The years passed. In time, Mary Weingartner needed to be near her aging parents in Deland, Florida. Charles learned of the recent establishment of the University of South Florida. He applied there and was hired in the very early 1970s. His employment there was a more-or-less constant regret, USF never meeting his expectations. And yet most of his writing and fame occurred here in Tampa. He traveled the country and Europe, speaking at conferences and to any gathering who would hear his message on learning and schooling.

Charles’ teaching style and personality always created conflicts wherever his was employed. As Mary told Grant on more than one occasion, they moved 19 times in 20 years. Her discontented husband moved from school to school, accusing them all of being “schooling factories,” incapable of even knowing what learning was.

Chas’ Accomplishments: Professor of Semantics & Education, and
World-Class Author

The four best sellers written by Neil Postman and Charles Weingartner were: Teaching As A Subversive Activity, The Soft Revolution, The School Book, Linguistics – A Revolution In Teaching.

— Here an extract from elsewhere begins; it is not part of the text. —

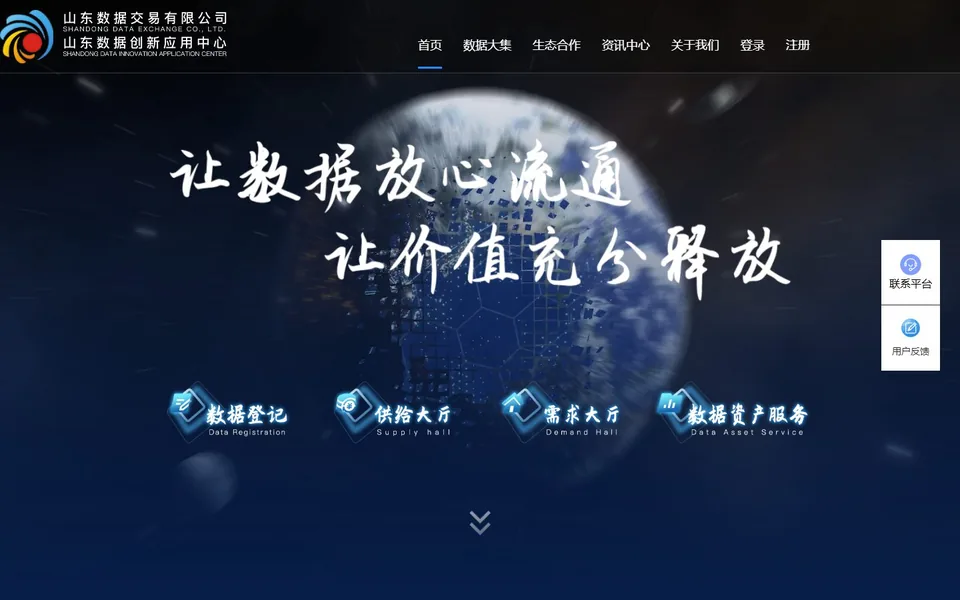 山东数据交易有限公司官网首页截图，拍摄于2026-10-01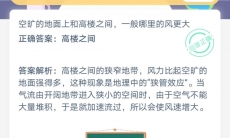 空旷的地面上和高楼之间一般哪里的风更大_支付宝蚂蚁庄园小课堂7月11日答案是什么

Chaz 2000sTeaching As a Subversive Activity was published in 1969. Weingartner and Postman became instant education celebrities. Together this writing team created four books and many articles.
Charles lived the last twenty-five years of his life right here in Temple Terrace. He died on March 19, 2007. Charles was Grant’s dear friend for about 33 years, and Grant was the executor of his will, hence, this knowledge about him and the financial gift to UUCT.

Why Create a Scholarship Endowment Here at U.U.C.T.?

Charles agreed to let Grant create a scholarship program. He probably would not have preferred it being named after him, but did not disagree, which for Charles amounted to agreement. The one stipulation he placed on all this was that U.S.F. not play any part in the scholarship.

What did Dr. Weingartner do that made Grant want to memorialize him in this way? Weingartner and Postman, in the same manner as education reformer John Dewey, and so many others before him, sought to push schooling out of its traditional ruts of memorizing, prescriptive, politicized, religiously based enforcement of status-quo schooling. He sought to elevate common schooling into the realm of learning “how to think,” not just what to think, if in fact the latter may even be termed thinking.

We talked about donating a sum to N. Y. U., or Columbia University, or even City University of New York. In the end, Charles left the decision up to Grant as his executor.

During the last year and a half of Charles’ life, he joined the U.U.C.T. Grant brought him to visit our memorial garden several years ago, and he liked the idea of having a memorial stone in it. He read the “Domelight” regularly, asking questions on occasion. Our former minister Rev. Margery Bowens-Wheatly visited Charles on at least one occasion at a nursing house in Temple Terrace.

Near the end of his life, Charles agreed that we attempt to ask “our” church if it would be interested in creating a scholarship program in his name. Happily, the church Board of Trustees agreed.

Current Status of the Fund

The Policy: Charles Weingartner Scholarship Fund is listed under UUCT POL 2011-04-01.  The Procedures for Charles Weingartner Scholarship Fund is listed under UUCT PRO 2011-04-01.

An Agreement was made on October 01, 2010 between The Unitarian Universalist Church of Tampa (the “Borrower”), at 11400 Morris Bridge Road, Tampa, Florida 33637, and The UUCT Endowment Fund (or the Weingartner scholarship fund), (the “Lender”), at 11400 Morris Bridge Road, Tampa, Florida 33637, where by the Borrower promises to pay the lender all of the principal borrowed plus interest. Lender has agreed to make advances to borrower under the terms of this agreement for the purpose of constructing the Multi-Purpose Building. $95,000.00 was the amount of the loan.  This loan to the church will be paid off by May of 2015.

The Scholarship Fund Committee is currently making plans to begin giving scholarships for the Fall of 2015.